Re: [RFC PATCH v2] x86/arch_prctl: Add ARCH_SET_XCR0 to set XCR0 per-thread

From: Keno Fischer
Date: Tue Apr 14 2020 - 20:10:42 EST


> (why would you want to record with an unusual XCR0?)

I was indeed primarily thinking about the replay case when I
originally wrote this patch, but the reason for that is that the machine
that I tend to replay on is fairly new, so the traces we get tend
to be compatible. I have encountered the opposite situation also
where I wanted to send somebody a trace for them to debug, but
their machine didn't support AVX512, so I wanted to disable it.
A while ago we also encountered a similar situation where
PKRU became available on AWS so we couldn't
replay traces from there anymore.
We do of course have CPUID faulting here (which well-behaved
userspace software tends to respect), but the differing return
value from xgetbv messed up the recording nonetheless. In
order to actually make that work, masking those bits out from
XCR0 would have been required. I'm also thinking about the
future where there may be more diversity in XCR0 user state
components and what chips support what.

I assume the objection here will be that we can have our users
reboot with a different kernel command line, which is true enough
and what I will recommend to people for the time being. That said,
part of the appeal for users of rr is that it doesn't require privilege,
so it works in locked down environments like HPC clusters where
users can't easily change the kernel parameters (even KVM can
be an ask here - but is in my experience easier to negotiate with
the sysadmins).

> and replay would use KVM.

Yes, there is still a bit of state management left (e.g. we currently
rely on the kernel for mmap, fork/clone semantics and signal
delivery for deterministic signals) - though of course emulating
all that is much easier than the record side.
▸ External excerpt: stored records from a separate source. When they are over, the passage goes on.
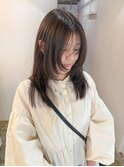 オリーブグレージュ×フェイスレイヤー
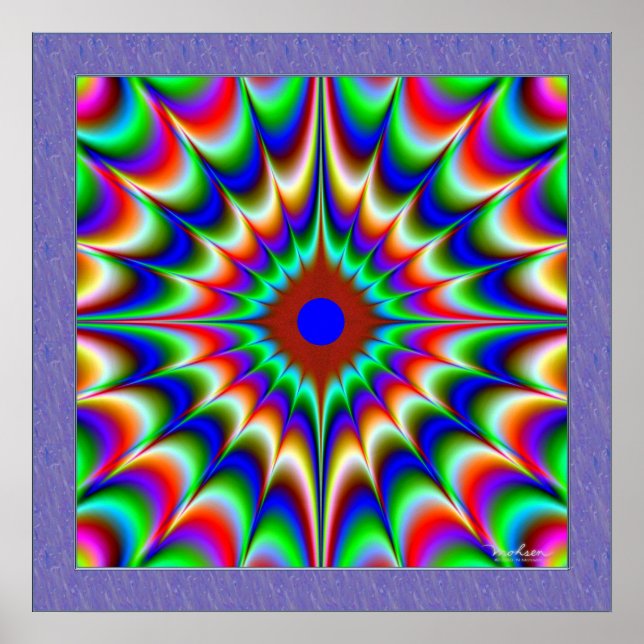 Poster Illusion d'énergie radiante (Devant)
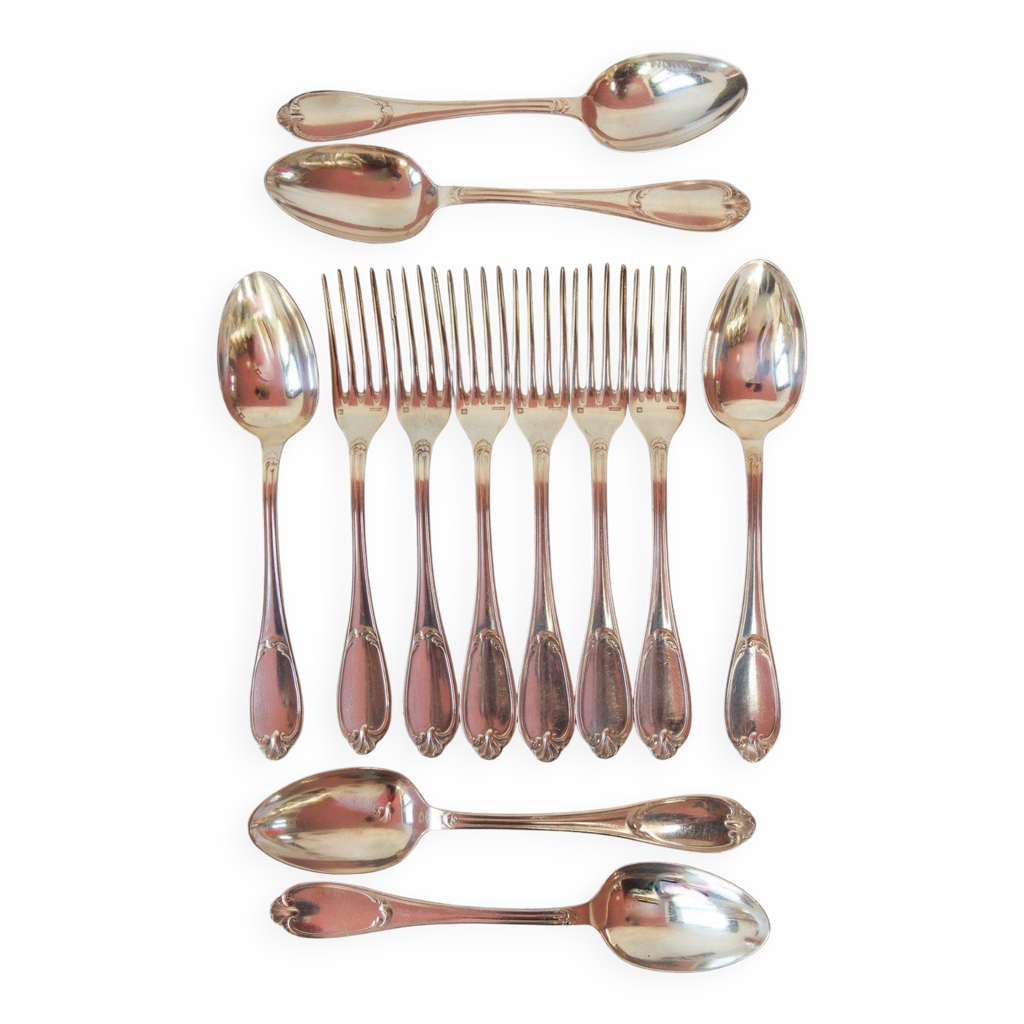 fourchettes | Métal argenté modèle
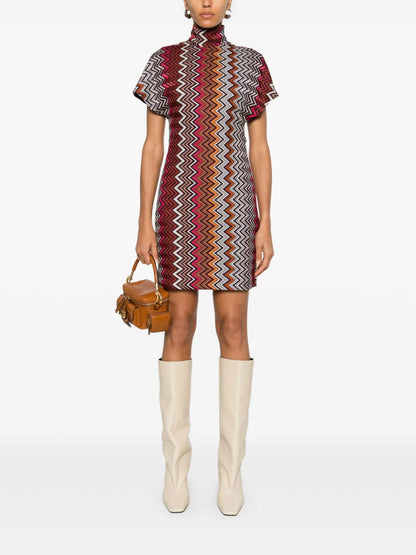 Zigzag Mini Dress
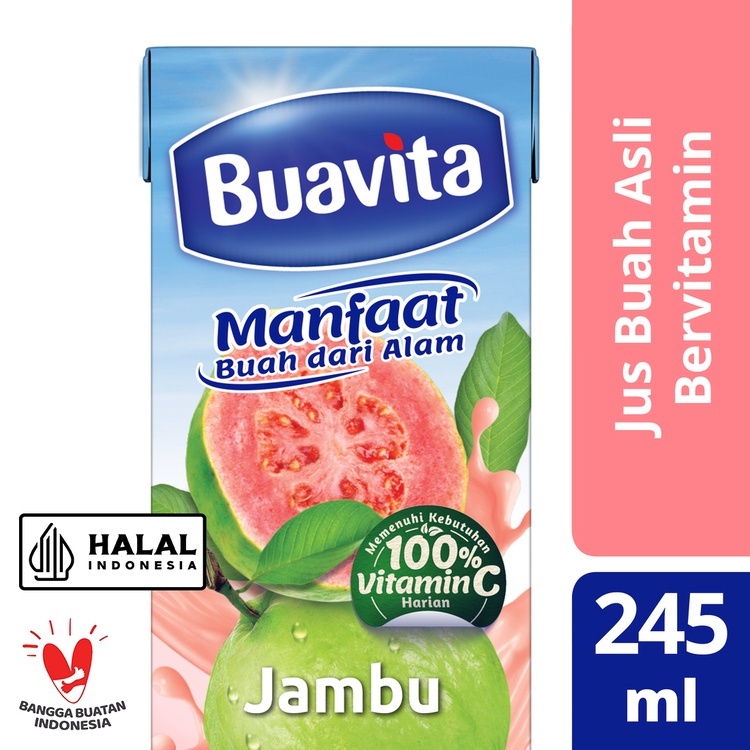

Buavita Guava 245ml Buavita Jambu Minuman Sari Buah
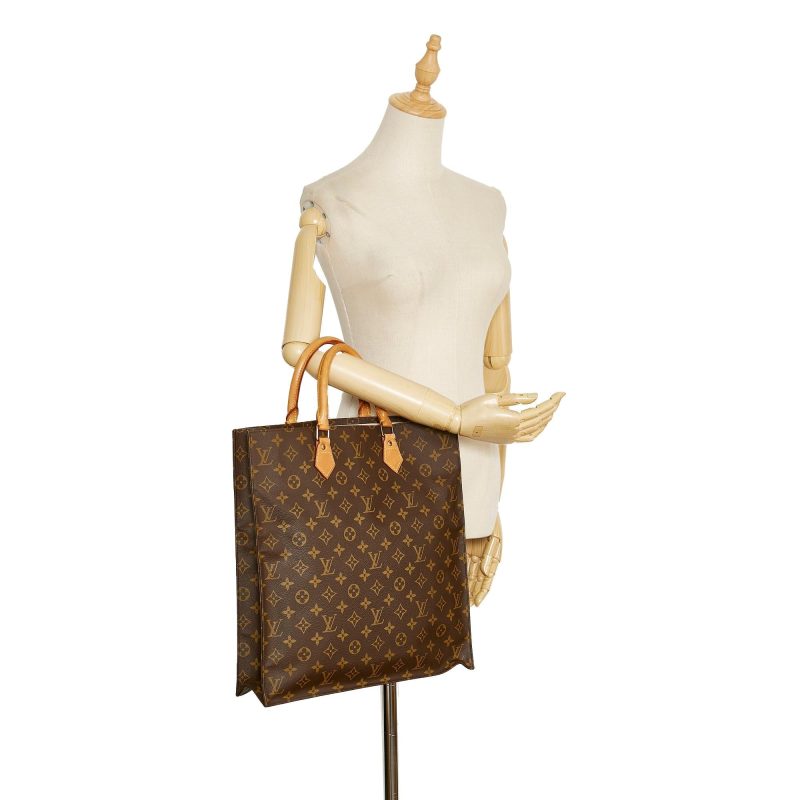 Louis Vuitton Monogram Sac Plat (SHG-HB59b7) - Image 4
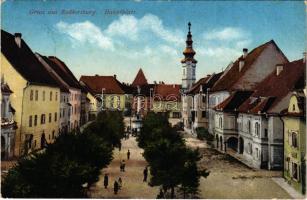 Bad Radkersburg, Hauptplatz / street view (small tear)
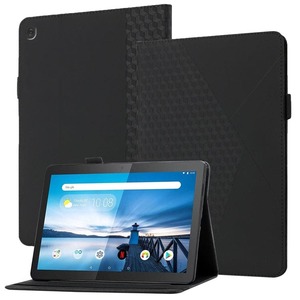 LENOVO M10 TB-X505F / TBX605F Cube Pattern Flip Front Tablet Cover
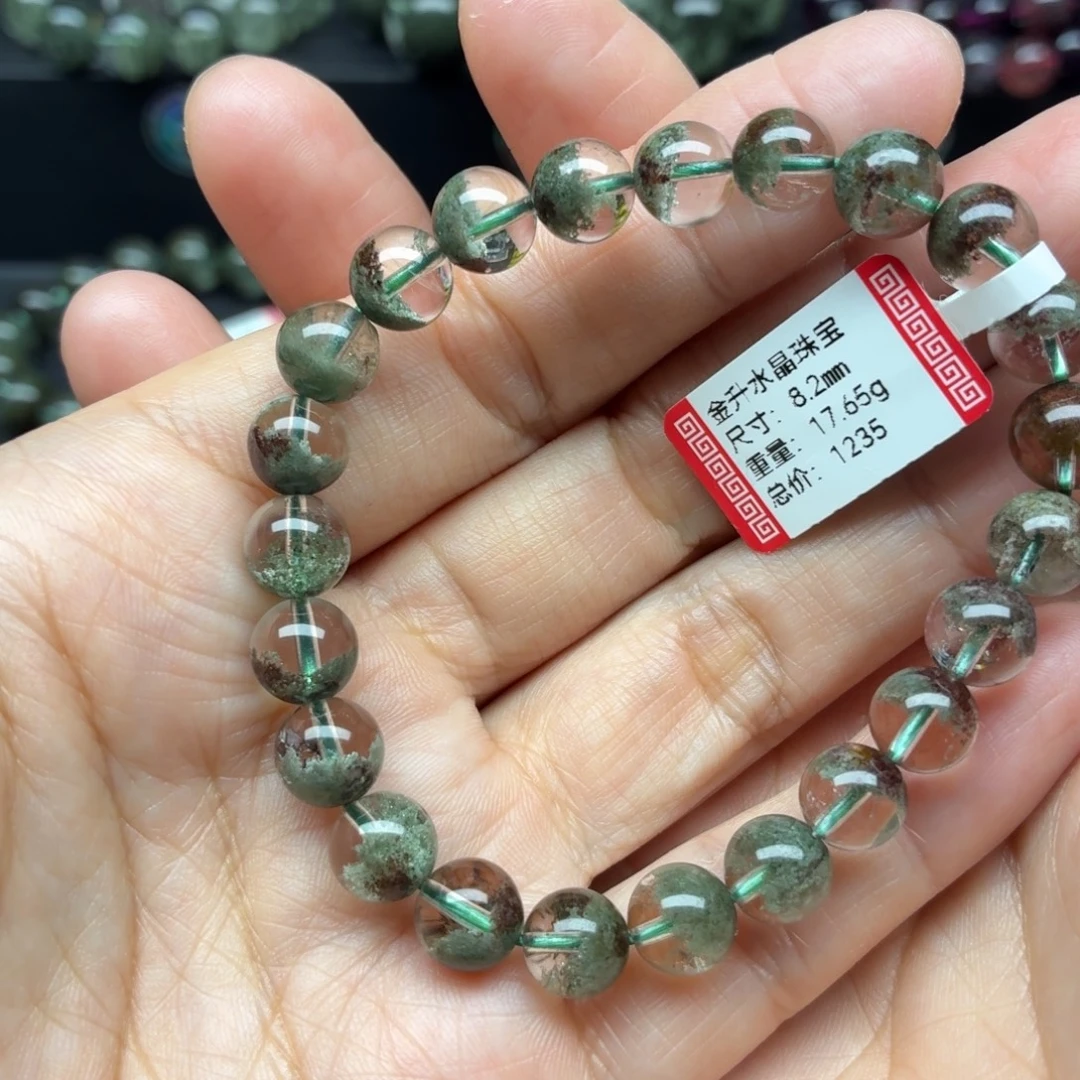 水晶手链未镶嵌天然水晶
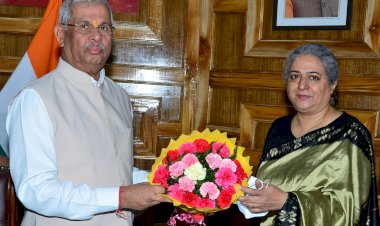 अतिरिक्त पुलिस महानिदेशक ने की राज्यपाल से भेंट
> I'm not sure about diversions.

Diversions (terminology note for those not familiar with record
and replay systems - a diversion is a replay that gets turned
back into a real process for the purpose of investigating the
state - think invoking a printing function from the debugger)
are similar to record in that they do handle syscalls (e.g.
for open/read/write for printing, mmap if the process allocates
during a diversion, etc.). We do have more performance
leeway for diversions than we do for records, so we might
be okay without getting too deep into KVM hacking.

I think my overall take-away is that KVM is probably feasible
for replay and diversions, but would require large patches
to KVM to be feasible for record. Unfortunately, that's
also the opposite of where getting a patch like this
into the mainline kernel would be most useful for us.
We do tend to have control over the replay machines,
so if we need to carry a patch like this, it's feasible (as
indeed we have been for the past two years), though
of course we'd like to enable this also for people who
don't want to build their own kernel (as well as for people
for whom that assumption doesn't hold - the assertion that
we control the replay machine is probably quite selfish in
how we in particular use this technology).

Hope that helps,
Keno